I want to calculate a number of temporal features to be used as input for a regression analysis. These will be calculated for each column. The features themselves are straightforward multi-temporal features such as percentiles, using a lagged time series and some based on Fourier transformation.

def feature_calculation(df):
# create DataFrame and populate with stdDev
result = pd.DataFrame(df.std(axis=0))
result.columns = ["stdDev"]

# mean
result["mean"] = df.mean(axis=0)

# percentiles
for i in [0.1, 0.25, 0.5, 0.75, 0.9]:
result[str(int(i*100)) + "perc"] = df.quantile(q=i)

# percentile differences / amplitudes
result["diff_90perc10perc"] = (result["10perc"] - result["90perc"])
result["diff_75perc25perc"] = (result["75perc"] - result["25perc"])

# percentiles of lagged time-series
for lag in [10, 20, 30, 40, 50]:
for i in [0.1, 0.25, 0.5, 0.75, 0.9]:
result["lag" + str(lag) + "_" + str(int(i*100)) + "perc"] = (df - df.shift(lag)).quantile(q=i)

# fft
df_fft = np.fft.fft(df, axis=0)  # fourier transform only along time axis
result["fft_angle_mean"] = np.mean(np.angle(df_fft, deg=True), axis=0)
result["fft_angle_min"] = np.min(np.angle(df_fft, deg=True), axis=0)
result["fft_angle_max"] = np.max(np.angle(df_fft, deg=True), axis=0)

return result


Testing how long the calculation takes for a small test dataset.

%%timeit -n 3 -r 3
ts_features = feature_calculation(ts_df)

11.4 s ± 86.3 ms per loop (mean ± std. dev. of 3 runs, 3 loops each)


The calculation takes quite some time and increases linear with the number of columns. My real dataset has more than 700k columns instead of the 3000 we use here. I started looking into optimizing the feature calculation when I found out that my script spent 70% of the time calculating the features.

During the calculation only one core is used. As the calculation is performed for each column we can split the dataframe into a number of subsets and utilize multiple cores to calculate the features - making this an embarassingly parallel problem.

from multiprocessing import Pool

def parallel_feature_calculation(df, partitions=10, processes=4):
# calculate features in parallel by splitting the dataframe into partitions and using parallel processes

pool = Pool(processes)

df_split = np.array_split(df, partitions, axis=1)  # split dataframe into partitions column wise

df = pd.concat(pool.map(feature_calculation, df_split))
pool.close()
pool.join()

return df

%%timeit -n 3 -r 3
ts_features_parallel = parallel_feature_calculation(ts_df, partitions=14, processes=7)
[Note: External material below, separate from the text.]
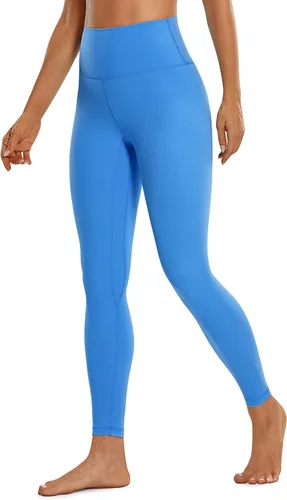 CRZ YOGA - Leggings cepillados de entrenamiento con sensación de no llevar nada para mujer, de 2528 pulgadas, pantalones para yoga cintura alta,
2.06 s ± 15.4 ms per loop (mean ± std. dev. of 3 runs, 3 loops each)


Compare the two results to make sure we get identical results using both feature calculation functions.

ts_features.equals(ts_features_parallel)

True


Using a simple parallelization routine the time series features are now calculated about 5 times faster - a significant time saving when working with large dataframes.

Update - 2017-12-11:

Jonas (@j08lue) pointed out:

You might save some extra overhead replacing multiprocessing.Pool with concurrent.futures.ProcessPoolExecutor

Let’s try it but this time using a 10x larger dataset.
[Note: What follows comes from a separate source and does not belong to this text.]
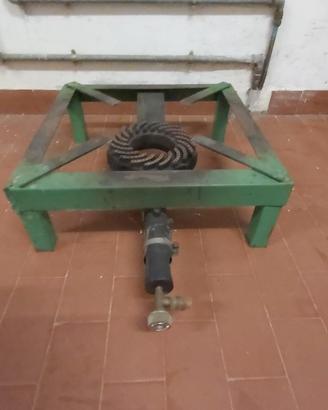 Fornello a gas per conserve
ts_df = pd.DataFrame(np.random.random(size=(365, 30000)))

%%timeit -n 3 -r 3
ts_features_parallel = parallel_feature_calculation(ts_df, partitions=100, processes=7)

19.6 s ± 618 ms per loop (mean ± std. dev. of 3 runs, 3 loops each)


Define the new function using ProcessPoolExecutor.

# using different pool to save overhead
from concurrent.futures import ProcessPoolExecutor

def parallel_feature_calculation_ppe(df, partitions=10, processes=4):
# calculate features in paralell by splitting the dataframe into partitions and using paralell processes

df_split = np.array_split(df, partitions, axis=1)  # split dataframe into partitions column wise

with ProcessPoolExecutor(processes) as pool:
df = pd.concat(pool.map(feature_calculation, df_split))

return df

%%timeit -n 3 -r 3
ts_features_parallel_ppe = parallel_feature_calculation_ppe(ts_df, partitions=100, processes=7)

18.4 s ± 376 ms per loop (mean ± std. dev. of 3 runs, 3 loops each)


Employing this tip we can indeed save about 6% execution time. Just keep in mind that this requires Python 3.2 or newer.